The five editors of the Little Masters newspaper huddle over a piece of artwork submitted by one of their youngest readers. The color drawing, chosen from a pile of mailed-in manuscripts, shows a boy and girl planting a tree.
''Will you use this one?'' asks a visitor who wants to test the editors' on-the-spot editorial judgment.
After a few minutes' consultation during which everyone speaks at once, the decision comes: No, it is not suitable.
The 11-year-old deputy editor in chief, Wu Chen, quickly explains the editors' verdict: The sketch was not done in a ''presentable'' way. This was not the time of year to plant trees, and it wasn't clear what the artist was trying to say with her sketch.
The seven-year-old contributor would have to try again.

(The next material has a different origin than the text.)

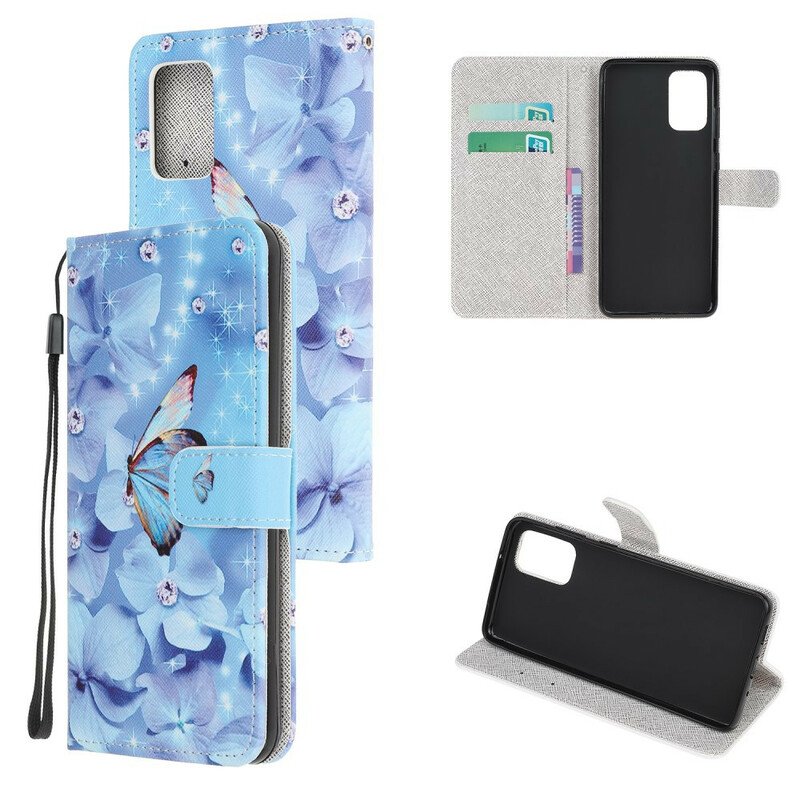 Fodral Samsung Galaxy Note 20 Med Kedjar Strappy Diamond Butterflies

China has many newspapers and magazines for children. But Little Masters is the only such publication written and edited by children. All the editors, reporters, and contributors are under 14 years of age.

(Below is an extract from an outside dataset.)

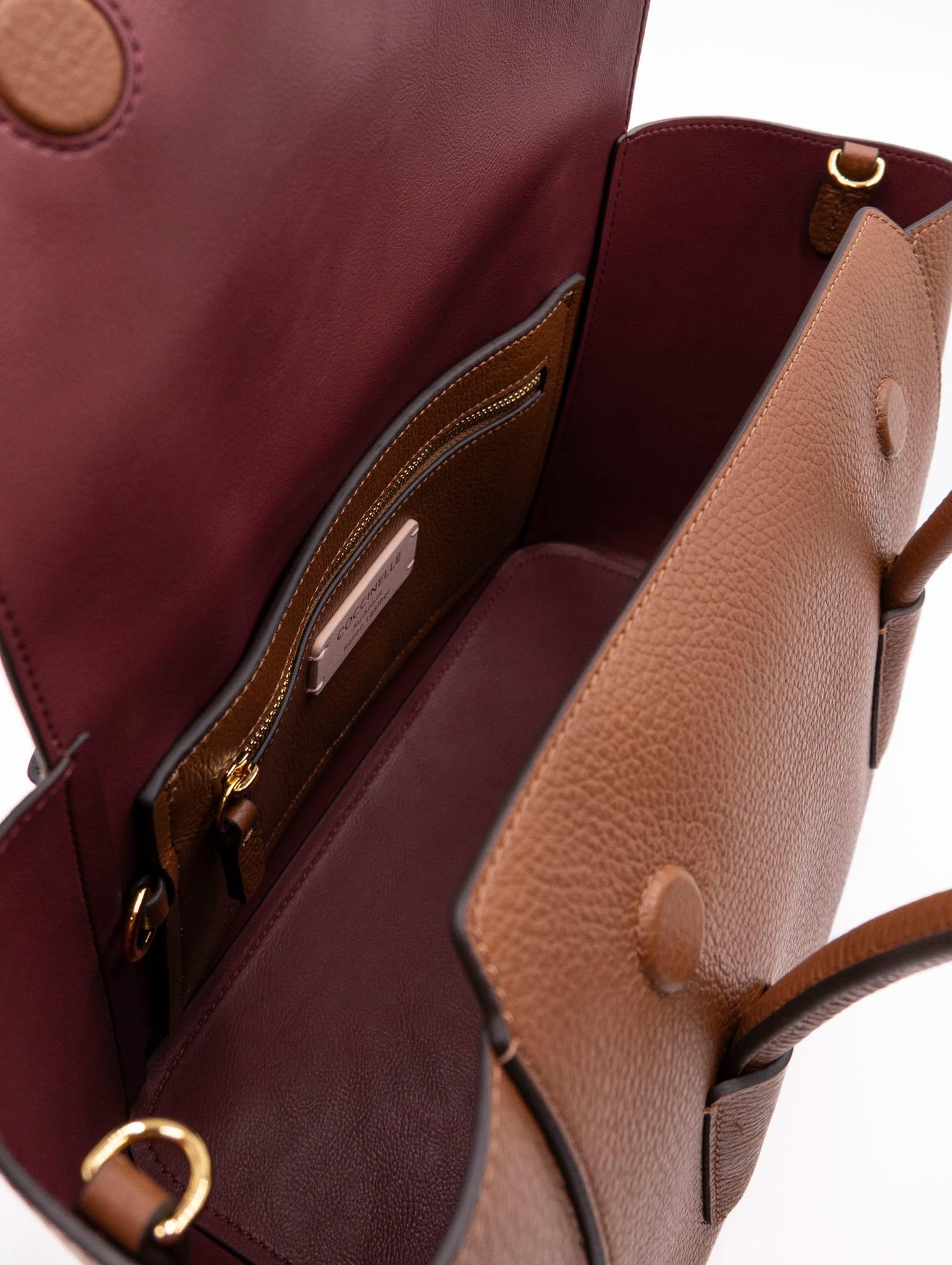 Borsa Double Beat Coccinelle in Pelle Martellata Cognac E1T8A180201W11 Coccinelle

Little Masters was launched more than a year ago as a spare-time effort of children in the Children's Palace of Shanghai's Chang Ning district. Wu Chen and language editor Yang Yang say they helped start the paper because they wanted to write articles but couldn't get them published.
The 42 editors and more than 60 reporters on the paper's staff are all members of the Young Pioneers, a national primary-school organization sponsored by the Communist Youth League. The adult adviser, Zhu Jie Shi, says he gives the children free rein in managing and editing, though he coaches them in journalistic skills and techniques. The paper is laid out and printed by a local daily in Shanghai.

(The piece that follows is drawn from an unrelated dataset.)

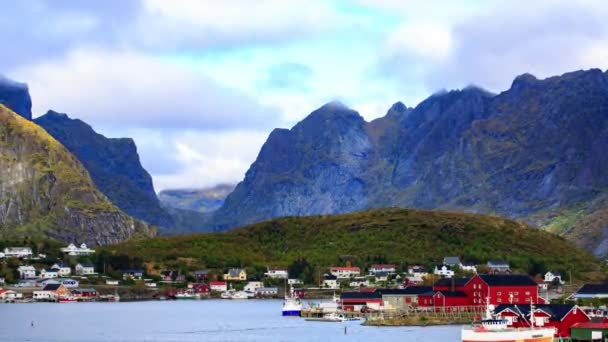 ロフォーテン諸島、ノルウェーのレーヌ timelaspe — ストック動画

The newspaper's staff members do appear to operate independently, despite their age. The reporters conduct interviews on their own and without adult supervision, say the editors.
The paper also has high-level attention, if not official sanction. During a visit to Shanghai last spring by some of China's leaders, four reporters from Little Masters interviewed senior leader Deng Xiaoping and Premier Zhao Ziyang. Naturally the story made the front page with a few short paragraphs and photos.
This past summer, some of the editors traveled to Peking to solicit funds to support what they say is an unprofitable operation. They came back with more than 6,000 yuan (about $2,400).
The content of the newspaper would be familiar to children anywhere in the world. Compositions published in recent issues include an essay on autumn, a lesson on map-reading, firsthand observations on the life of a grasshopper, the story of an eight-year-old boy who learned how to boil water (overcoming his fear of fire), and a request for help from a little girl on how to cure carelessness in completing math assignments.
The newspaper receives 500 to 600 letters, essays, poems, and pieces of artwork each month, the editors say. During the interviews, the five young editors were articulate and forthright. The four boys and one girl seemed fearless, though respectful, toward adults. Several said they enjoyed newspaper work more than any other after-school activity and that they wanted journalism careers.